STC-S in DataLink

Thu Jun 20 14:45:12 PDT 2013

Le 20/06/2013 20:28, François Bonnarel a écrit :
> Dear Markus,
> Dear all,
>     Not to answer to all this interesting discussion you are opening 
> now, but just to give a small caveat about your title/subject.
> I would say it's not "STC-S in Datalink" but something like
> "STC-S in cutout services and access data methods".
> This kind of services and methods will be part of the ressources 
> Datalink will attach to Dataproducts indeed,
> but according to the discussion during Heidelberg interop last month 
> Datalink protocol in itself is only describing
> the nature , format, type and semantics or descriptions of the links 
> and will say nothing about the  ressources parameters themselves
>
> Tommorrow I willk concentrate on the actual matter of your mail
> Best regards
> François
>
>
> Le 20/06/2013 16:46, Markus Demleitner a écrit :
>> Dear DAL group,
>>
>> Since this is going to be a long mail, I feel obliged to start with
>> an
>>
>> Abstract
>>
>>    In the context of DataLink, there is renewed interest in STC-S on a
>>    protocol level, i.e., for passing shape descriptions into services.
>>    I believe we should not do this.
>>
>>    In a first part of this (longish) mail, I try to make this point.
>>    There's a second part below in which I try to outline how STC-S *has*
>>    worked for me, and under which conditions; that part is basically
>>    something like "If you agree with me, encourage me, and I'll work 
>> on an
>>    STC-S working draft with actual EBNF."
>>
>> Sorry for this long soliloquy, but I am very sure this is an
>> important point for the later interoperability of DataLink-based
>> services.
>>
>>
>> Part I: STC-S in Protocols
>>
>> I'm arguing against usages like "CUTOUT=Ellipse ICRS 33 45 4 5 unit mas
>> SpectralInterval TOPOCENTER 55 65 unit MeV pixelSize 1" in protocol
>> parameters, and actually against abusing STC-S in cases where you just
>> want to define some shape in spherical geometry.  Here are my reasons:
>>
>> (1) Mashing data and metdata is like denormalizing databases:
>> You may get away with it and save some work, but if you've not
>> understood exactly what you're doing, you'll almost certainly regret it.
>>
>> (2) STC-S covers an enormous wealth of features.  Even suggesting that
>> all services should be able to transform, e.g., wavelength into the rest
>> system is not going to be a high incentive to make people take up a
>> standard.  Don't wave at "there's going to be a library" -- there's not.

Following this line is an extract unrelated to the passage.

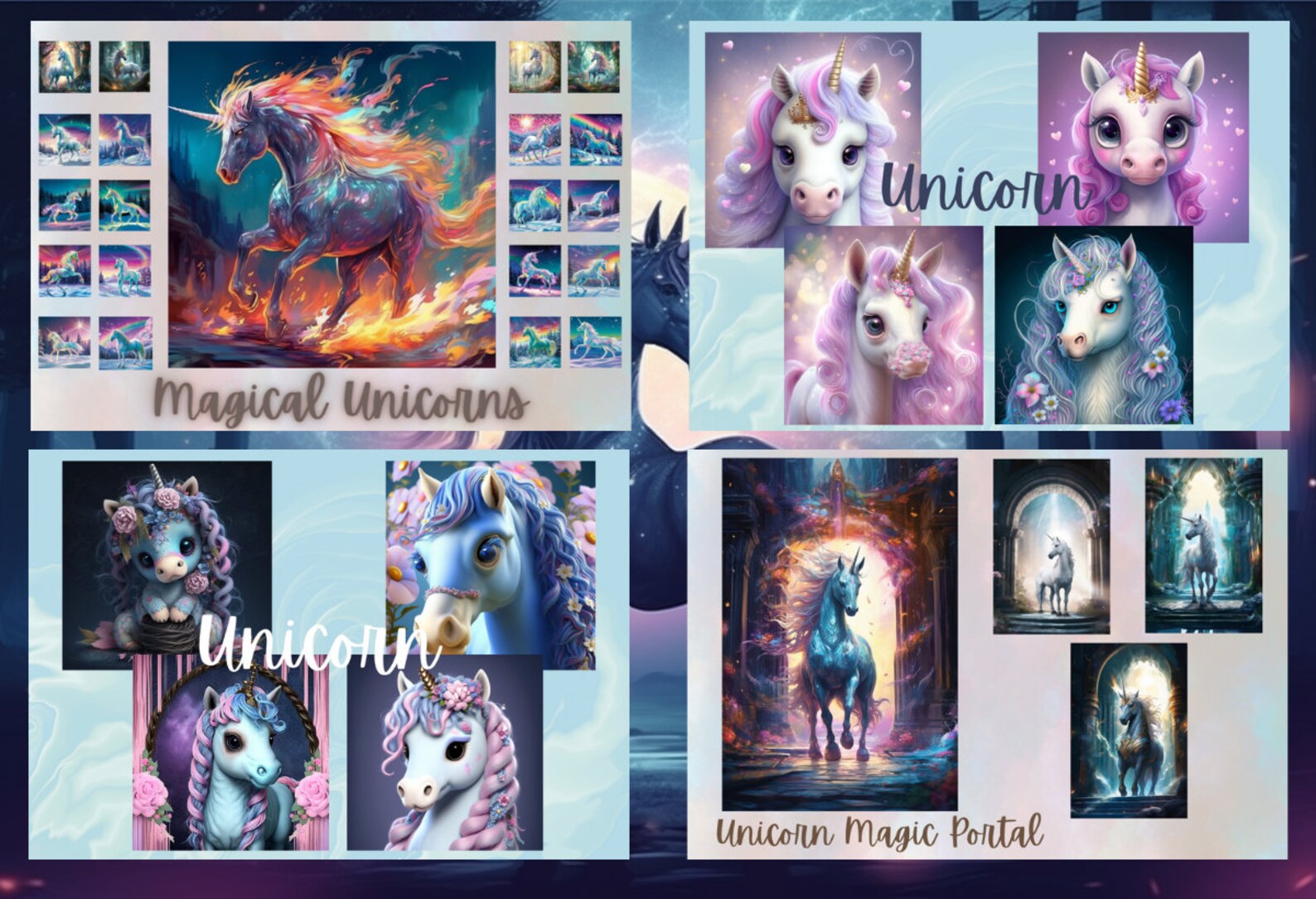 Unicorn Digital Background, Cute Unicorn Background,magical Fantasy ...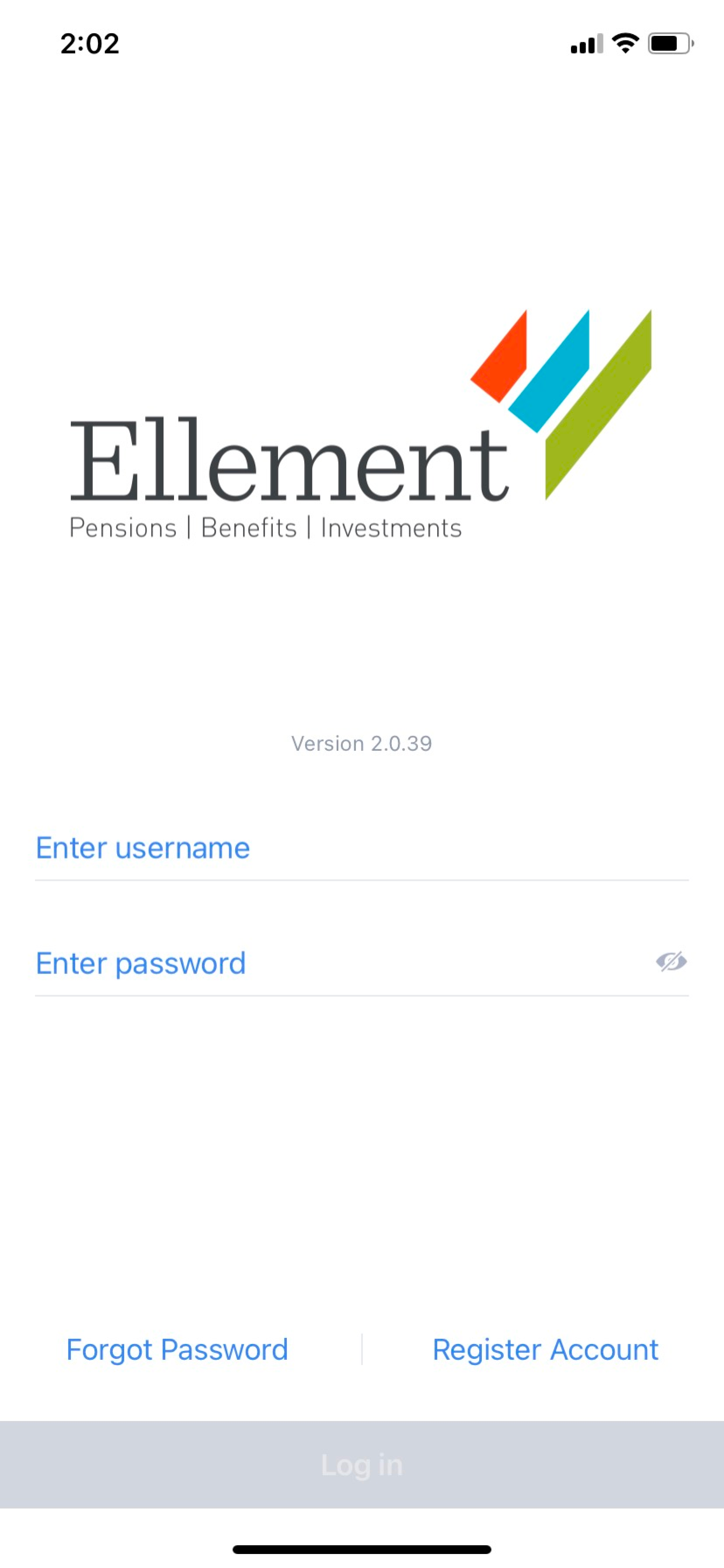 Image showing the log in screen.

>> Many years after STC-S was published and the STC DM passed, all we have
>> are some libraries that can -- more or less -- parse STC-S and spit the
>> stuff out in some other form.
>>
>> Actually *doing* something with what's parsed is something completely
>> different.  In my STC library I'm allowing some "conforming" (making one
>> STC spec use the reference frame, units, and such of another STC spec),
>> but exactly because STC is a complex beast, that's no fun at all.  That
>> was part of the pain I alluded to above, and I'm still ignoring most
>> things that actually are complicated (like tranfroming spatial
>> coordinates from the EMBARYCENTER reference position to the PLUTO
>> reference position).
>>
>> But worse (just for this example) -- if you want to transform positions
>> for differing reference positions, you need to know the source's
>> distance, and it's completely unclear how to do that for images.
>> Transforming spectral coordinates to, say, the observer's frame, you
>> need to know the source's redshift -- which is something I don't know
>> for the majority of the spectra in my database.  And what should happen
>> for, say, the Lyman forests in quasars, where there's sources with lots
>> of redshifts?
>>
>> And now start to imagine the wealth of decisions facing your code when
>> people come in with CART3 coordinates, some of which are perfectly good
>> to define regions in SPHER2 or SPHER3.  Reject them?  Process them?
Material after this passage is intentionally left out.